Concerned that illegal charter is now a leading issue for Part 135 and aircraft management companies, the National Air Transportation Association has encouraged the FAA to dedicate resources to addressing the problem. NATA made that request during its participation in the FAA General Aviation Safety Summit earlier this week in Washington, D.C.
The summit, now in its fifth annual edition, was established to bring together industry and regulators to discuss chief safety concerns and tackle what had been a stubborn fatal general aviation accident rate.
“In 2017, NATA visited with Part 135 and aircraft management companies all over the nation, and their number-one concern is illegal charter,” said Bill Deere, executive vice president for NATA. “Our members see it as a growing problem, one that has been exacerbated by the Internet.” NATA asked the FAA to review its resources to enable the agency to identify and halt those operations, as well as ensure it has staff available and trained to investigate hotline calls.
“We hope the agency will work with NATA and legitimate operators to combat this growing problem before an accident or incident involving illegal charter mars the entire general aviation community’s safety record,” Deere said.
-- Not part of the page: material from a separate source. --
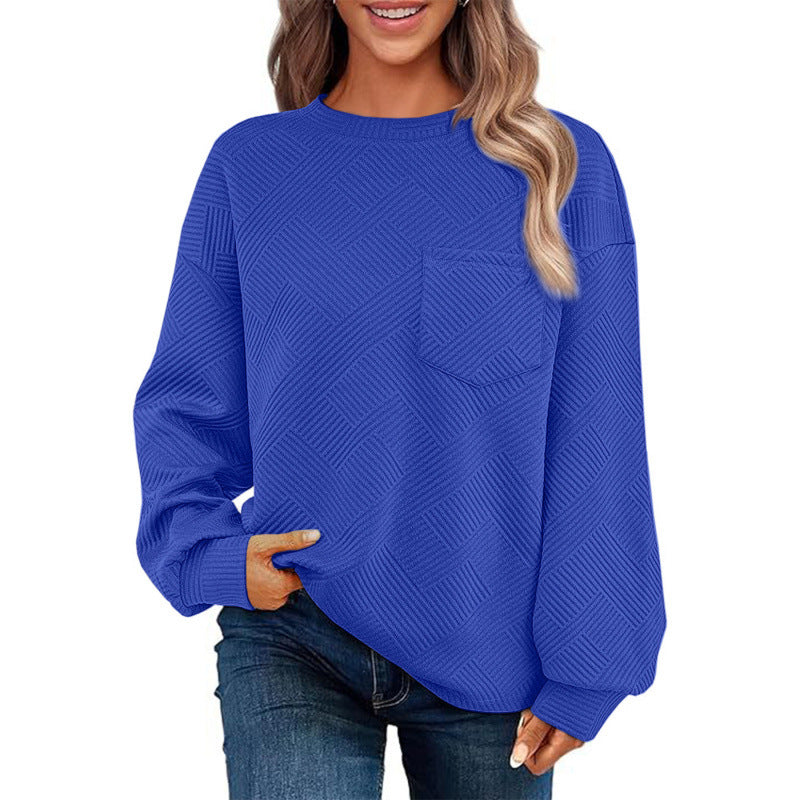 Women's casual sweater with textured pattern and practical chest pocket NOVAE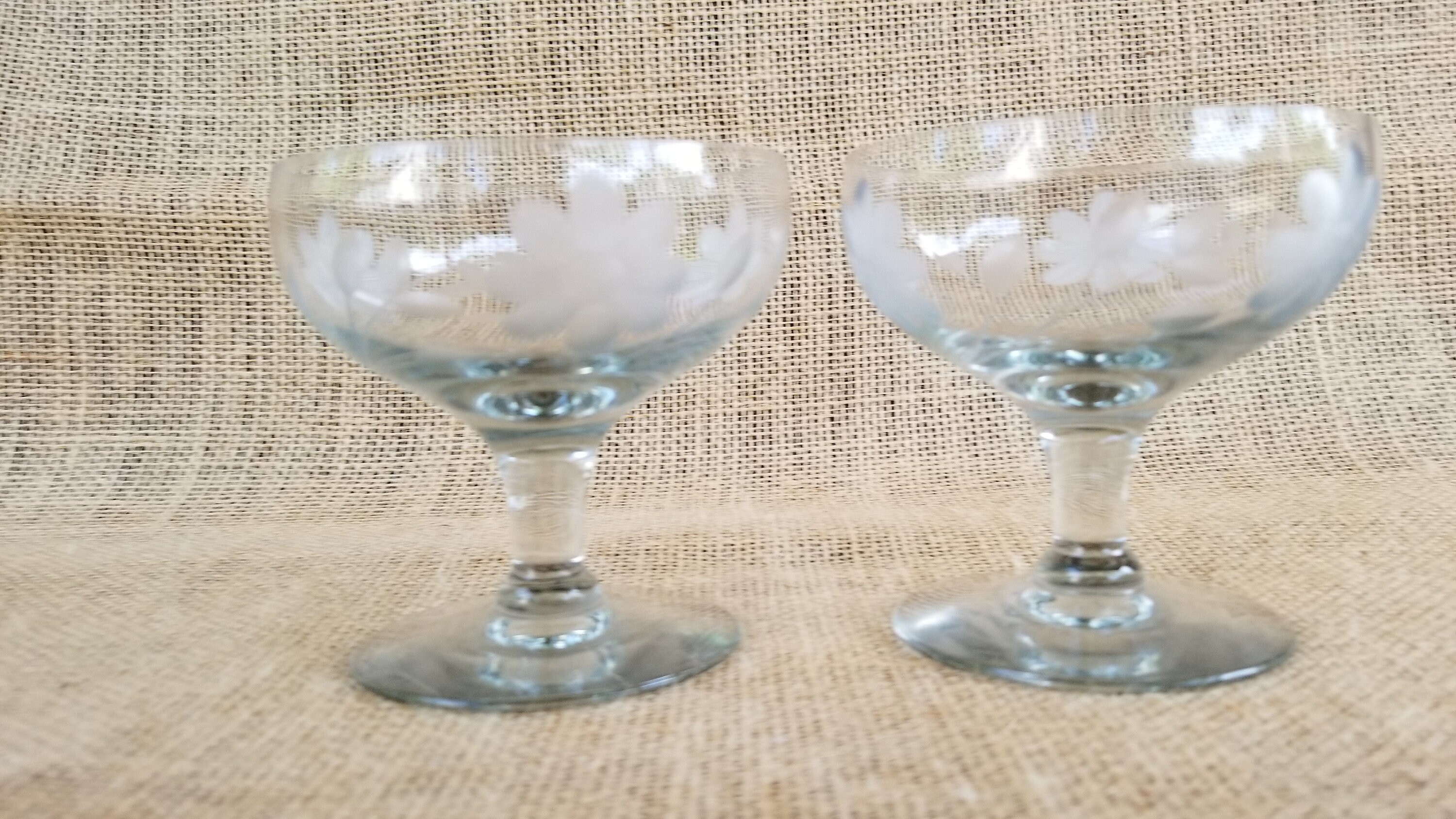 Vintage Etched Crystal Coupe Glasses with Floral Design Etsy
Also during the safety summit, Deere noted the FAA’s work with the Air Charter Safety Foundation to expand the Aviation Safety Action Program (ASAP) for charter operators. “Thanks to the encouragement of [FAA] headquarters, since our last briefing in March 2016, the Air Charter Safety Foundation and all FAA regions in the lower 48 states have signed FAA master memorandum of understandings,” he said.
Deere further highlighted efforts such as the association’s Safety 1st program and recent inaugural Ground Handling Safety Symposium. NATA pointed to a 2016 Van Allen Group study finding business aircraft operators are 800 times more likely to incur aircraft damage during ground handing than during operations.
“A key takeaway from the [Ground Handing Safety Symposium] is the necessity of industry-wide coordination on safety data collection and analysis from a ground handling perspective—an objective adopted by NATA’s Safety Committee for 2018,” he said.